Overall, Paris is just so charming. It lives up to its reputation in many ways: it is a pleasure to walk through the streets and observe the old buildings and architecture, it has a very romantic feel, the sidewalks are teeming with cafes with tiny tables squished together where friends and couples huddle and smoke cigarettes, it feels full of history and everyone seems very classy and chic. Oh, and yes, and people everywhere actually do walk around carrying baguettes.
*One of my first observations was that Paris is a much more diverse city than I expected. Obviously I know it is a big cosmopolitan city, but I was surprised at how many ethnicities can be seen on the streets. There seems to be an especially strong north and east African contingent.
*As I mentioned above pertaining to running shoes, everyone dresses chic. It is not necessarily like everyone looks straight off the red carpet, but everyone looks put together. Their clothes seem high quality. They do not wear running shoes and yoga pants, ever. People mostly wear black and neutrals. Definitely no one ever, ever wears sweat pants.
*A LOT of people smoke cigarettes. This is one thing I have been quite surprised about. A huge portion of the population seems to smoke: young, old, men, women, everyone. One of the main Parisian past times seems to be sitting at a sidewalk cafe, at one of the outdoor tables, with all your friends, drinking small coffees and smoking cigarettes.
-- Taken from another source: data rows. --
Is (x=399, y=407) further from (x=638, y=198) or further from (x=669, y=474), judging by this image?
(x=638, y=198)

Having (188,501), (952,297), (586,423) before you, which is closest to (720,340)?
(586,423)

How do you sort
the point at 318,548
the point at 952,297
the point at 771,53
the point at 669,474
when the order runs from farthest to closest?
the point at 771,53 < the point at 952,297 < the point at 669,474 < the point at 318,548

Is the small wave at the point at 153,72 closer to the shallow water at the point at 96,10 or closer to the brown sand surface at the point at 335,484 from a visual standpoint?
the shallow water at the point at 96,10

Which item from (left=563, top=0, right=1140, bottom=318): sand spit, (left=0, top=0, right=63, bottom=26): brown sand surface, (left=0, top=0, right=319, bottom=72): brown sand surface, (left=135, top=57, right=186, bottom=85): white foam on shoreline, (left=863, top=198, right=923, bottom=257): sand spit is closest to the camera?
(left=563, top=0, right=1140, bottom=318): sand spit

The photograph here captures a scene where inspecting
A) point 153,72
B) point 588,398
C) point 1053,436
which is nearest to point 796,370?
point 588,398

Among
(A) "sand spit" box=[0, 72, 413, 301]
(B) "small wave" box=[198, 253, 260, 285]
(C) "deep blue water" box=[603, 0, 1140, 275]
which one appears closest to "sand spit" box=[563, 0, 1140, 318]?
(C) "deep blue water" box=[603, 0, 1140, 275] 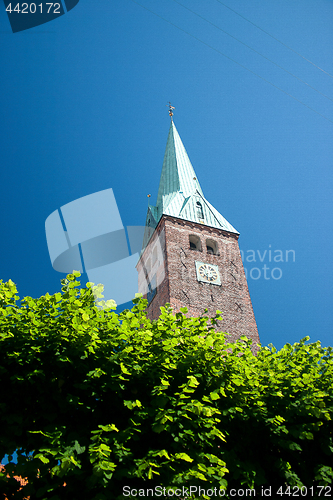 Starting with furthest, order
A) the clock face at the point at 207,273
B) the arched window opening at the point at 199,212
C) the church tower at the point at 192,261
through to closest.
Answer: the arched window opening at the point at 199,212
the clock face at the point at 207,273
the church tower at the point at 192,261

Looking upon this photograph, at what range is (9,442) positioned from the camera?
255 inches

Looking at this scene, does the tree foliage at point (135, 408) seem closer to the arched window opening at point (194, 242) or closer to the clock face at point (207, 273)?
the clock face at point (207, 273)

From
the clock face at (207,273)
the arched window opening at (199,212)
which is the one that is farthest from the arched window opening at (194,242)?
the arched window opening at (199,212)

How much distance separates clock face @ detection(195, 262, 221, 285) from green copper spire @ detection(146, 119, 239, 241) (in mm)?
4418

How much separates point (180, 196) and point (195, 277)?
9.53m

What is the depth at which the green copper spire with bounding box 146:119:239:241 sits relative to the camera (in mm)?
29328

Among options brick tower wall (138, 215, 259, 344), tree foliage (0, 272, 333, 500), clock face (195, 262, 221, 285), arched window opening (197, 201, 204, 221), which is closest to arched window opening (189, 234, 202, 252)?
brick tower wall (138, 215, 259, 344)

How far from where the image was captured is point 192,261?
2494 cm

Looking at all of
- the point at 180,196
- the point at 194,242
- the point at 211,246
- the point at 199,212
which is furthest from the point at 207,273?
the point at 180,196

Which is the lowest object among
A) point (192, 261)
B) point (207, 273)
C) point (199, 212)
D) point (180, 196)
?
point (207, 273)

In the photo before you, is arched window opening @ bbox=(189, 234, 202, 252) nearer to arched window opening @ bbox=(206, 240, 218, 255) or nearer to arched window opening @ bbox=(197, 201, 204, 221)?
arched window opening @ bbox=(206, 240, 218, 255)

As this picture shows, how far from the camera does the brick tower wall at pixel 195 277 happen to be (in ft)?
73.8

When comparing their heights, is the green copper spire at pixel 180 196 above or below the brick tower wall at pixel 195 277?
above

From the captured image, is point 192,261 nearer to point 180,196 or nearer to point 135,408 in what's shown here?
point 180,196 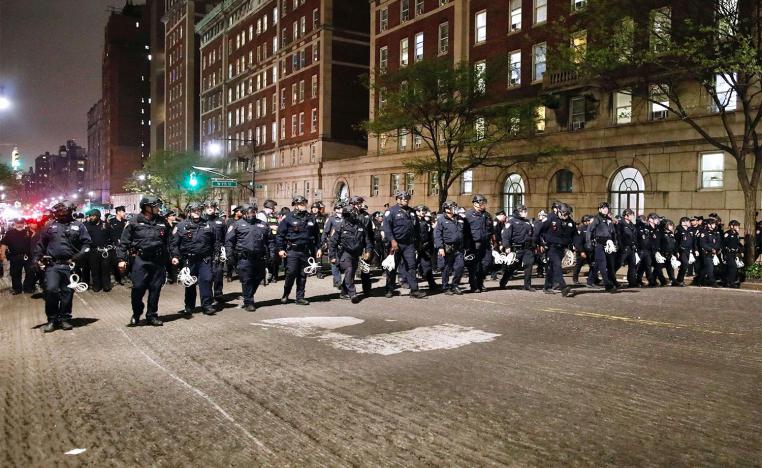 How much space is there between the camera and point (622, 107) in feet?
99.6

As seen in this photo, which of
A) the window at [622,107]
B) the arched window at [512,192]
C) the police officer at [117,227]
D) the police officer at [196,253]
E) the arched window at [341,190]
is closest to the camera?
the police officer at [196,253]

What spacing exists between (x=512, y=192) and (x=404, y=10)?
1903cm

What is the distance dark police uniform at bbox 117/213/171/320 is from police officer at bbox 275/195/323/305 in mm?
2881

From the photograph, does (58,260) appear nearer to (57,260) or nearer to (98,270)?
(57,260)

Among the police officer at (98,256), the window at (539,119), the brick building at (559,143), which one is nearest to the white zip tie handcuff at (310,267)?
the police officer at (98,256)

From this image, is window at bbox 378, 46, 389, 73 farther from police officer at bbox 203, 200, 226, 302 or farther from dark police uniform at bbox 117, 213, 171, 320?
dark police uniform at bbox 117, 213, 171, 320

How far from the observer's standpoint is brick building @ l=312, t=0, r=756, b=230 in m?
27.6

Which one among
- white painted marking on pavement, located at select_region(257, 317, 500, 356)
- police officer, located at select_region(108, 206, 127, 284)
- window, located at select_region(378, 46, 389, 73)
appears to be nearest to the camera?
white painted marking on pavement, located at select_region(257, 317, 500, 356)

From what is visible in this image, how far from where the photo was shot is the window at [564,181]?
33.4 metres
*There seems to be a lot of similarities to me between Japanese and French culture. After making this observation, I’ve noticed more and more sushi restaurants, more sushi restaurants than any other “international” cuisine. It makes me wonder how many French move to Japan, or vice versa. Both countries have deep cultural traditions surrounding food and socializing. French around coffee, Japanese around tea, both around food. Both have ritualistic traditions around each one.
*There seems to be a strong culture of spending time with other people, especially at cafes, just talking and enjoying each other’s company. It seems like people actually take the time to be with each other, rather than just having a “power lunch” and heading back to the office. There is more a feeling of enjoyment and relaxation, rather than “go, go, go,” as in America.
*Food is delicious, yet simple. Meals are often made up of only a few ingredients, but very good ingredients. They are more enjoyable because you don’t get “too much” and eat until you are stuffed, which often happens at restaurants in America.
4 hours of sleep over 48 hours, just off the plane and RER Paris subway, looking for our hotel and surprised how FRIGID Paris is. Typical little market in St. Germaine. Everything is just cuter, isn’t it? Even this bike next to a sign is charming. Macaroons and pastries everywhere. Sidewalk cafe – this is in the morning so no one was there, but in the afternoon and night the outdoor seats fill up. Little market. We walked over a bridge to the Louvre and it was covered with locks. Please write _____ loves ______ and the date on the lock, usually. So many locks! Daniel with the locks. Checking out the Seine River. Perfect place for people watching. Views from the Ferris Wheel. First glimpses of the Eiffel Tower. Our attempt at a selfie on the Ferris Wheel. Spot the American! Don’t be fooled because this outfit is all black, it also is made up of, *gasp*, running shoes and yoga pants. I am a lousy Parisian. First close-up glimpse of the Eiffel Tower. Night scenes on the way to dinner. Eiffel. Us (three!) in front of the Eiffel. Summit views. More views from the top of the Eiffel Tower.